REQUIREMENT:
Tally every line of the material where "More" occurs, then write the total by itself.

Start of SUPPLIED MATERIAL

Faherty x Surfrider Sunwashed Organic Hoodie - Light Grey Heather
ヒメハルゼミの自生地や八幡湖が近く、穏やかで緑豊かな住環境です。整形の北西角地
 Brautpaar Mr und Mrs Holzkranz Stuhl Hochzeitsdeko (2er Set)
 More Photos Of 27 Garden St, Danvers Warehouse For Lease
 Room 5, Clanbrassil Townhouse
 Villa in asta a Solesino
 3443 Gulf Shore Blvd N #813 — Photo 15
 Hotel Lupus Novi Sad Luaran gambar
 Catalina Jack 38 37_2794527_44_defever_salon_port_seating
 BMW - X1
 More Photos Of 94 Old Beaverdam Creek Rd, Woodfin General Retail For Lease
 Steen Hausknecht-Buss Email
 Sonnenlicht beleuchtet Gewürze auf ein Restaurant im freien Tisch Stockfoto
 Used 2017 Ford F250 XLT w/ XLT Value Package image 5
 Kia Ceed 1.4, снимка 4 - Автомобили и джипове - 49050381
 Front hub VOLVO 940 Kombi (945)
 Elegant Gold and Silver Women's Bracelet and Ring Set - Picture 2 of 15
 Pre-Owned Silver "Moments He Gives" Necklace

End of SUPPLIED MATERIAL

OUTPUT OF THE TASK:
2